# Task details
Using the data below, print exactly the line with "1 plus 4 plus", the line with "That's all guys", and every line between them, but none of the pictures.

# Provided information
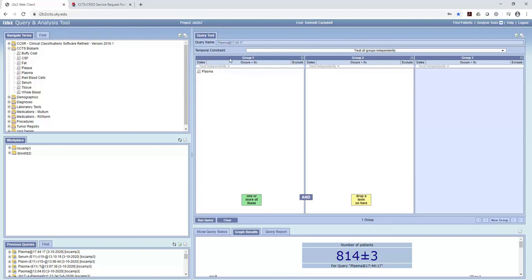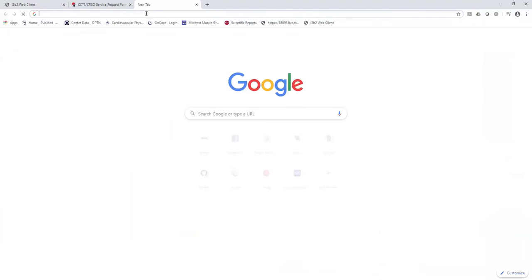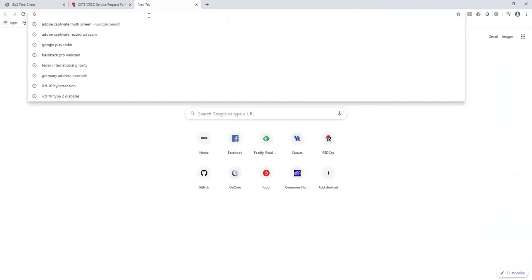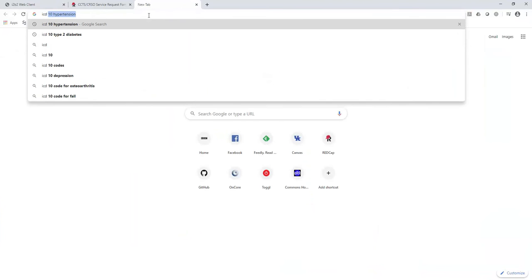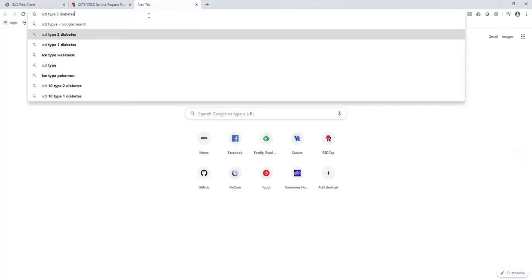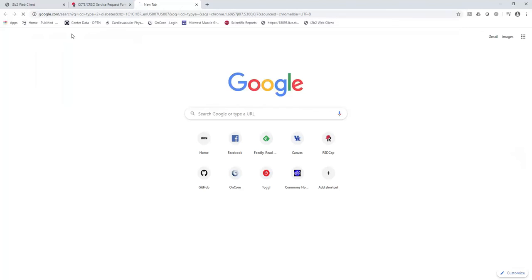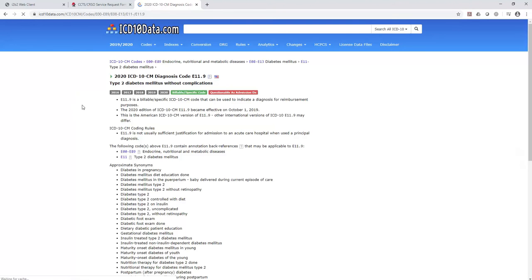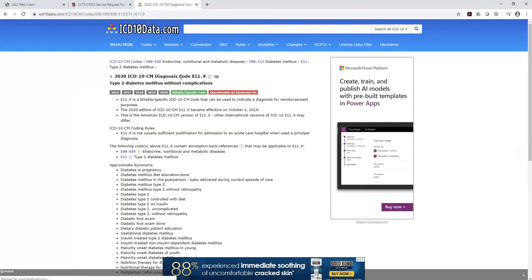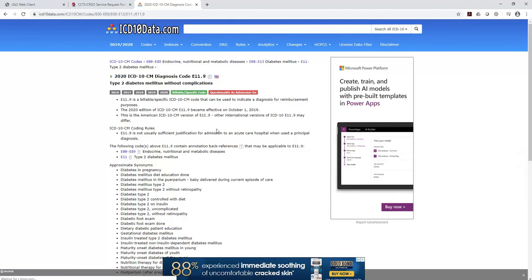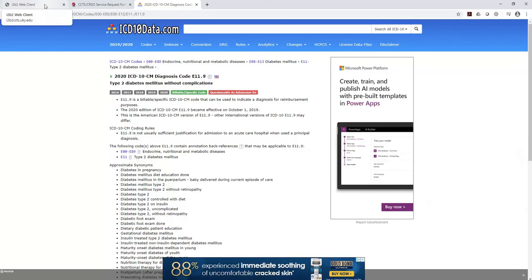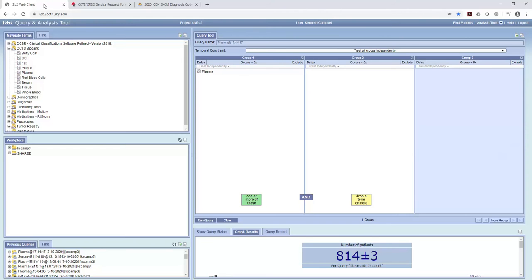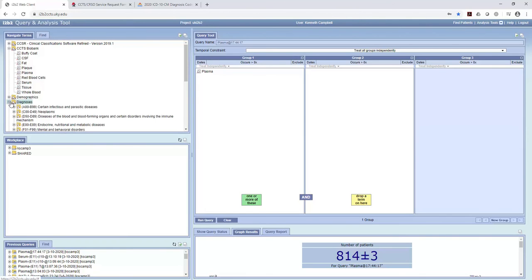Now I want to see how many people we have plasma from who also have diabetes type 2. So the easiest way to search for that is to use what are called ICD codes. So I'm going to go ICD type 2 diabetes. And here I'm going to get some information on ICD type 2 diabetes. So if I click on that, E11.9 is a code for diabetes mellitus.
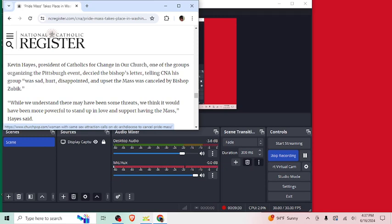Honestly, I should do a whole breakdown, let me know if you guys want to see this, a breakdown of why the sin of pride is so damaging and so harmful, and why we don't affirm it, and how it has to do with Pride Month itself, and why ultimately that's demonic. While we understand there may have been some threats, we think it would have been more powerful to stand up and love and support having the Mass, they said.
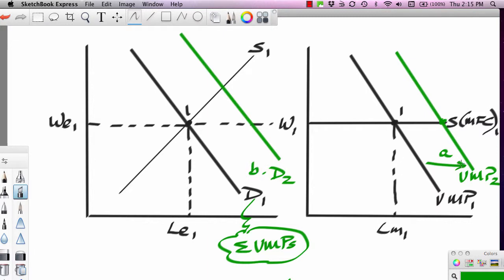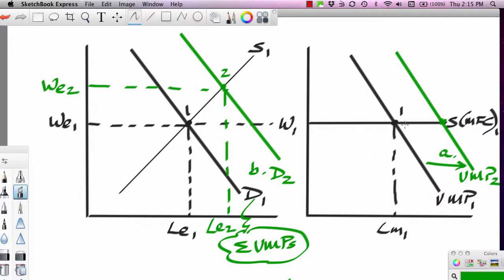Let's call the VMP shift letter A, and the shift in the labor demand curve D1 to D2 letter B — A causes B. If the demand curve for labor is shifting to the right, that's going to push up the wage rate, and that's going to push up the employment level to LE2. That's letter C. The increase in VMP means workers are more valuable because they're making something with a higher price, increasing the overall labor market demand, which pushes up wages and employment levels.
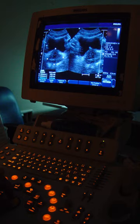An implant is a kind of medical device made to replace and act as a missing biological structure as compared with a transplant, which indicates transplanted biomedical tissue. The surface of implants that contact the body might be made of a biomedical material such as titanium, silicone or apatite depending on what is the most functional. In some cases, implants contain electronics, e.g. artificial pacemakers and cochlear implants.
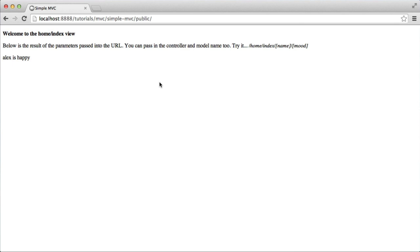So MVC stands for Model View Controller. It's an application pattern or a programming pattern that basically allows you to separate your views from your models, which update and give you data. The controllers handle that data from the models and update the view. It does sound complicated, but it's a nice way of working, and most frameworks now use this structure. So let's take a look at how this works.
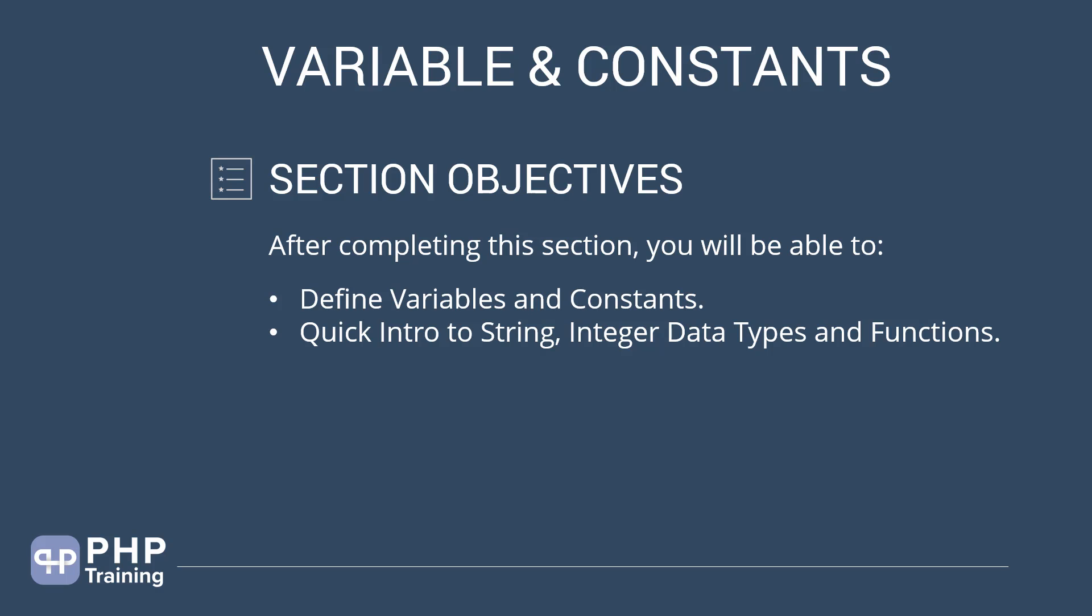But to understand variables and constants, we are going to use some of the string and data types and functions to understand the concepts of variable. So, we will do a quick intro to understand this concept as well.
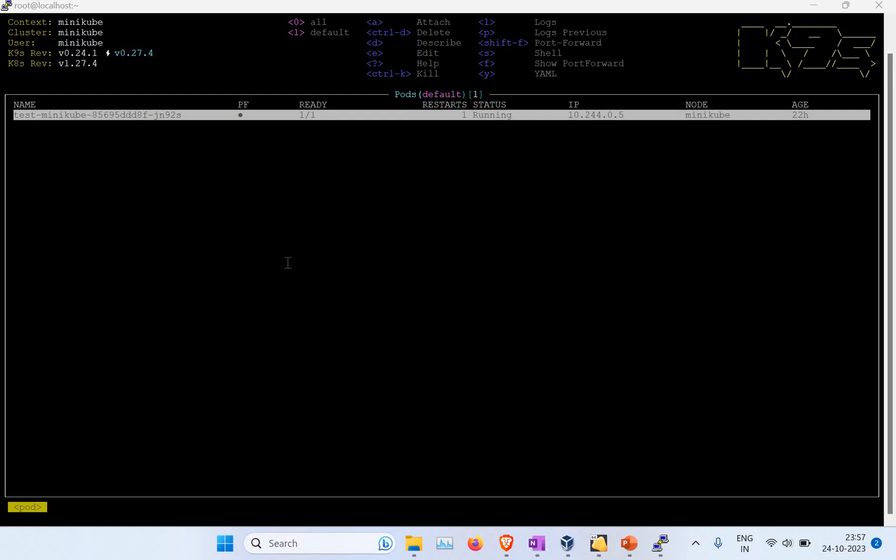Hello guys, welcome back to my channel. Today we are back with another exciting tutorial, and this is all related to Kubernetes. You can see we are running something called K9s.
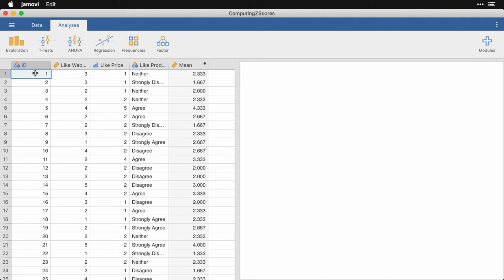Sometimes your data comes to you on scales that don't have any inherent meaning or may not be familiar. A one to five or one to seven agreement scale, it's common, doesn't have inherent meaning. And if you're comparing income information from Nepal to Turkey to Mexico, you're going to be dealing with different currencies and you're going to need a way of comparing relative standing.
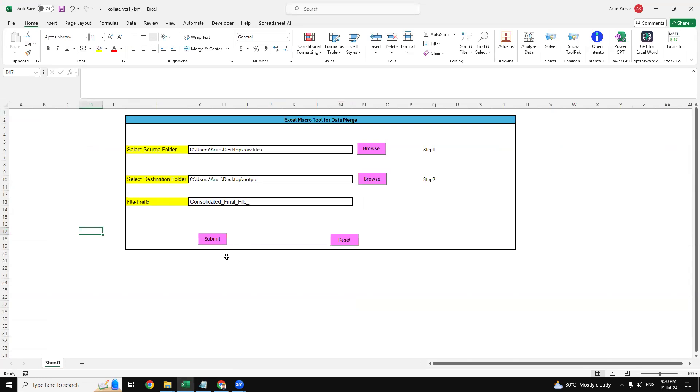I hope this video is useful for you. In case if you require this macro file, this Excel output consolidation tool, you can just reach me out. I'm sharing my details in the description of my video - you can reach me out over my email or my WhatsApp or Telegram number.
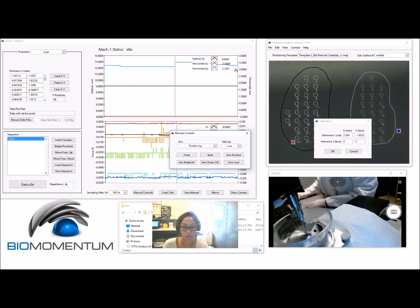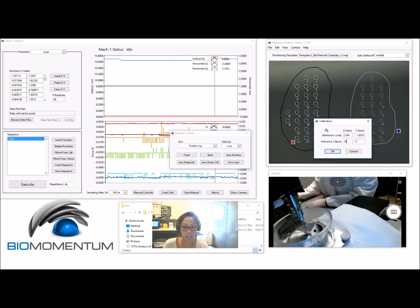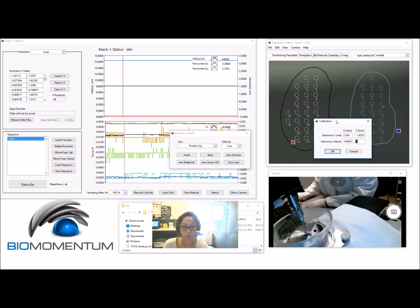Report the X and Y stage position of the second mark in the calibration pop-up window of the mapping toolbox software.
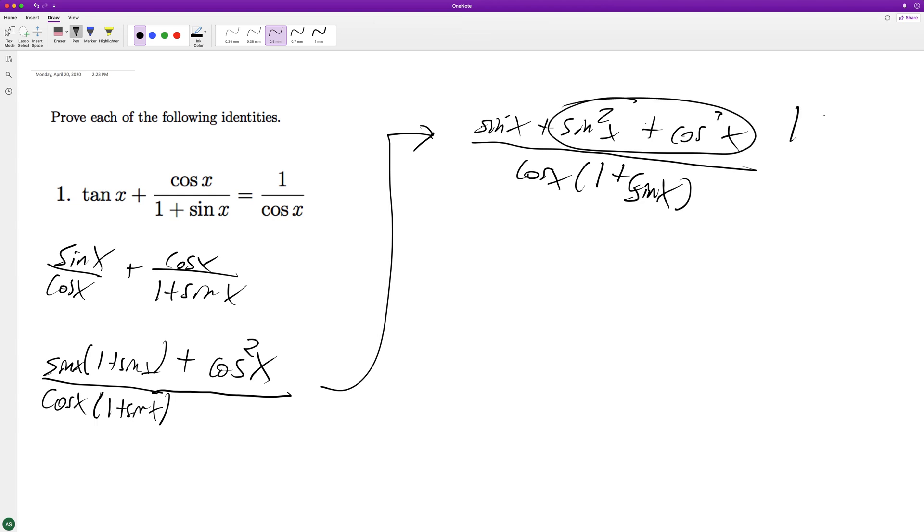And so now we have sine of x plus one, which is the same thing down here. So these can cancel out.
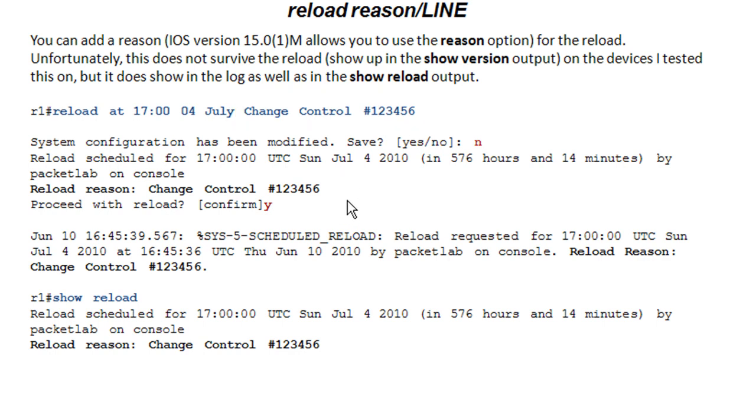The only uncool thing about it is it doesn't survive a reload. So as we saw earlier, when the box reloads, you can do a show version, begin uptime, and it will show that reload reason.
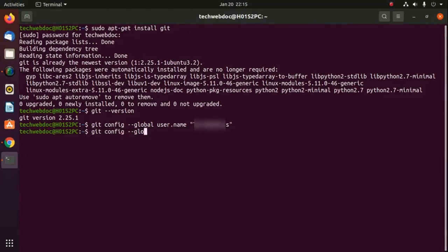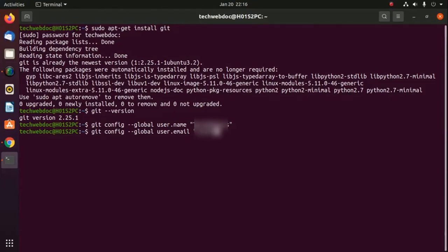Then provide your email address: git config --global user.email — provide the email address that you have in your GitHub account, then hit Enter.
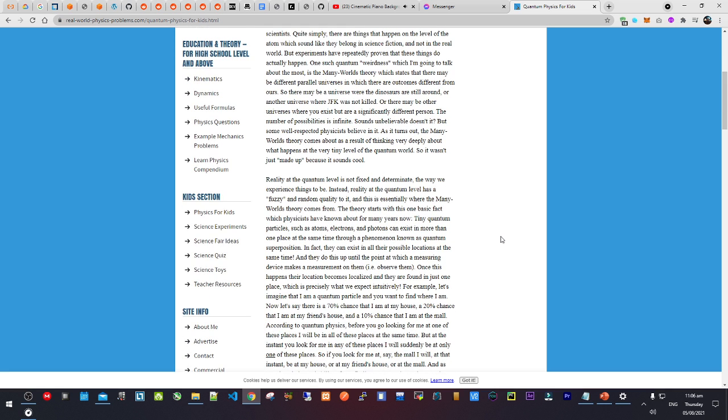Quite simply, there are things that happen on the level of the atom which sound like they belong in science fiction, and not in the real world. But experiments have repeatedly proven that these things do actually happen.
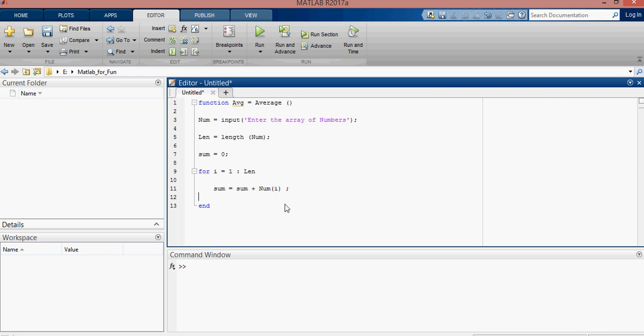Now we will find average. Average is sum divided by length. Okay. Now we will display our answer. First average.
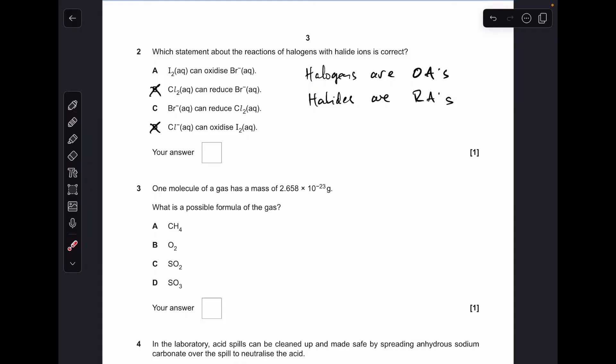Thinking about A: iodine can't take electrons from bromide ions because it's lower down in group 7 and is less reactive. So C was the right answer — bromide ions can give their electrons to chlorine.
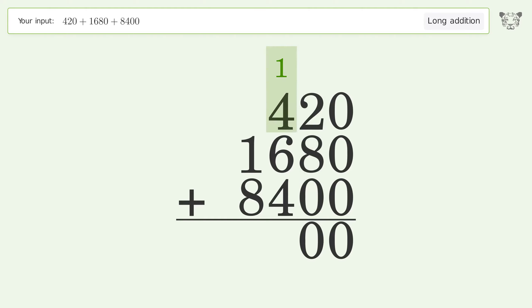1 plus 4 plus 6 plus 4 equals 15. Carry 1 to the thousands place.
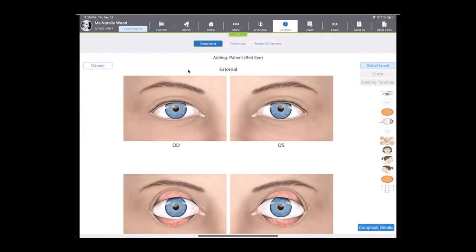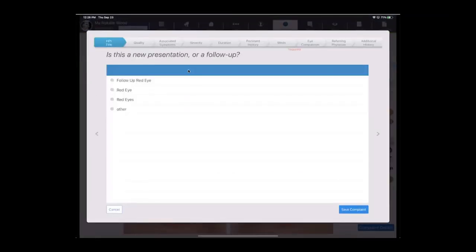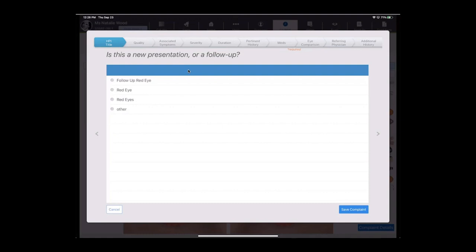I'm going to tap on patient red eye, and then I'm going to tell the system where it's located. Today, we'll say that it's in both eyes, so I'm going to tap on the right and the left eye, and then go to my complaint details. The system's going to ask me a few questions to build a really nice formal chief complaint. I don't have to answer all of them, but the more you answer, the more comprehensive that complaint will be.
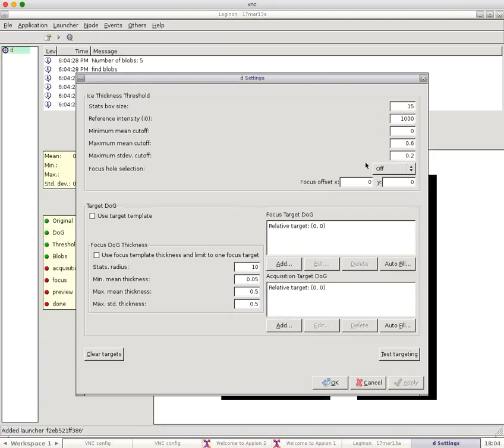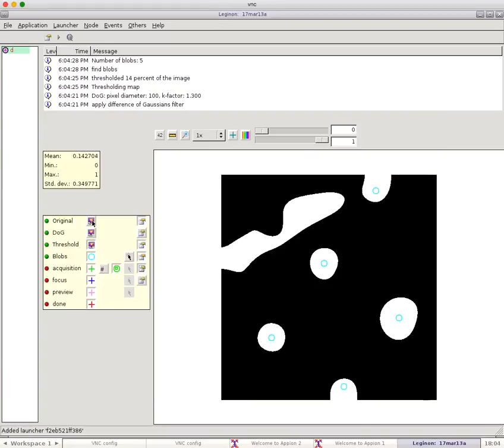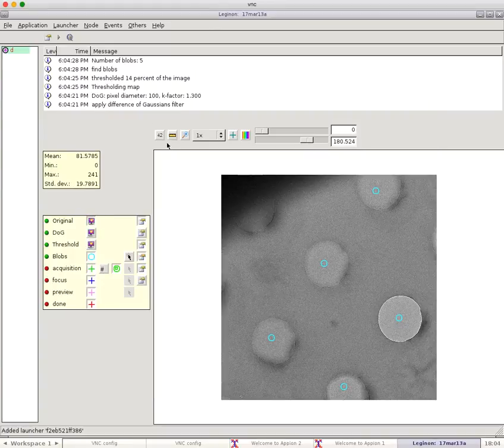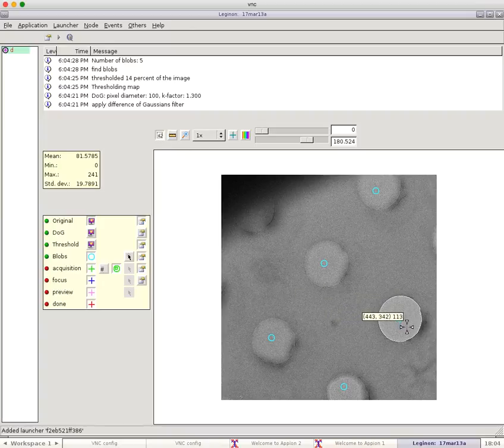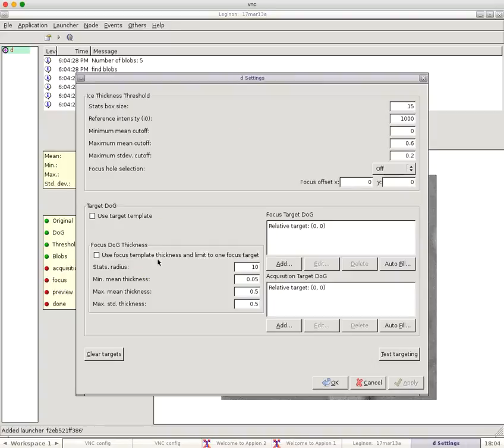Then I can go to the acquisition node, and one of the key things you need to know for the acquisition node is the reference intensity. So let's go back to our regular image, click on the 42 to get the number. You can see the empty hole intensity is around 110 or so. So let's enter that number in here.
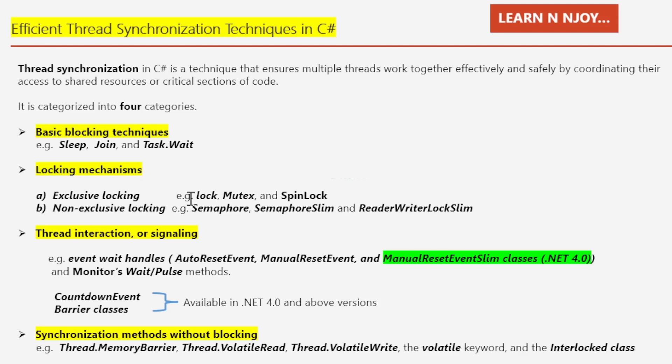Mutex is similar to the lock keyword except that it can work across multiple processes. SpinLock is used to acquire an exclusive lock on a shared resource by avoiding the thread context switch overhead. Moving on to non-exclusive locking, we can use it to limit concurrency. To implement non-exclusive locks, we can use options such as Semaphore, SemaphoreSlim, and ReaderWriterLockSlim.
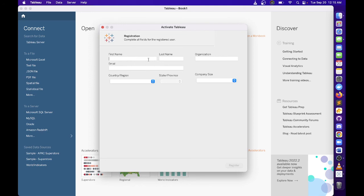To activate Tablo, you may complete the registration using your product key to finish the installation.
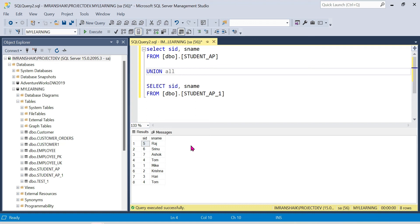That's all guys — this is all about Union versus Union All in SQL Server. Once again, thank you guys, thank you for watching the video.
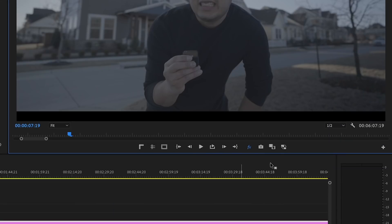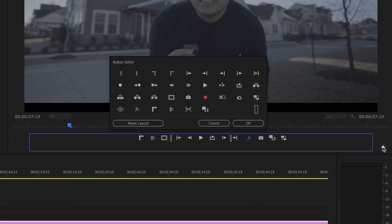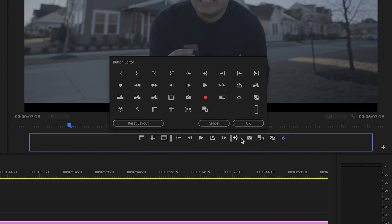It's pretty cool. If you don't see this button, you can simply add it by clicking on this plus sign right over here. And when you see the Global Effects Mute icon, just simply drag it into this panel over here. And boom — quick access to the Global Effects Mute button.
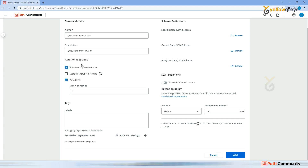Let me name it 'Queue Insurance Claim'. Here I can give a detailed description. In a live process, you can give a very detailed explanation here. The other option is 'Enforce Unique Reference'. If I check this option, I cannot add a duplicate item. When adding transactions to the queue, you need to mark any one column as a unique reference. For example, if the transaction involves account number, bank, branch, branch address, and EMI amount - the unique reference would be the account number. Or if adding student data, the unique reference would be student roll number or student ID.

# Result of this task
1 plus 4 plus 6 plus 4 equals 15. Carry 1 to the thousands place.
I'm going to tap on patient red eye, and then I'm going to tell the system where it's located. Today, we'll say that it's in both eyes, so I'm going to tap on the right and the left eye, and then go to my complaint details. The system's going to ask me a few questions to build a really nice formal chief complaint. I don't have to answer all of them, but the more you answer, the more comprehensive that complaint will be.
Then I can go to the acquisition node, and one of the key things you need to know for the acquisition node is the reference intensity. So let's go back to our regular image, click on the 42 to get the number. You can see the empty hole intensity is around 110 or so. So let's enter that number in here.
Mutex is similar to the lock keyword except that it can work across multiple processes. SpinLock is used to acquire an exclusive lock on a shared resource by avoiding the thread context switch overhead. Moving on to non-exclusive locking, we can use it to limit concurrency. To implement non-exclusive locks, we can use options such as Semaphore, SemaphoreSlim, and ReaderWriterLockSlim.
To activate Tablo, you may complete the registration using your product key to finish the installation.
That's all guys — this is all about Union versus Union All in SQL Server. Once again, thank you guys, thank you for watching the video.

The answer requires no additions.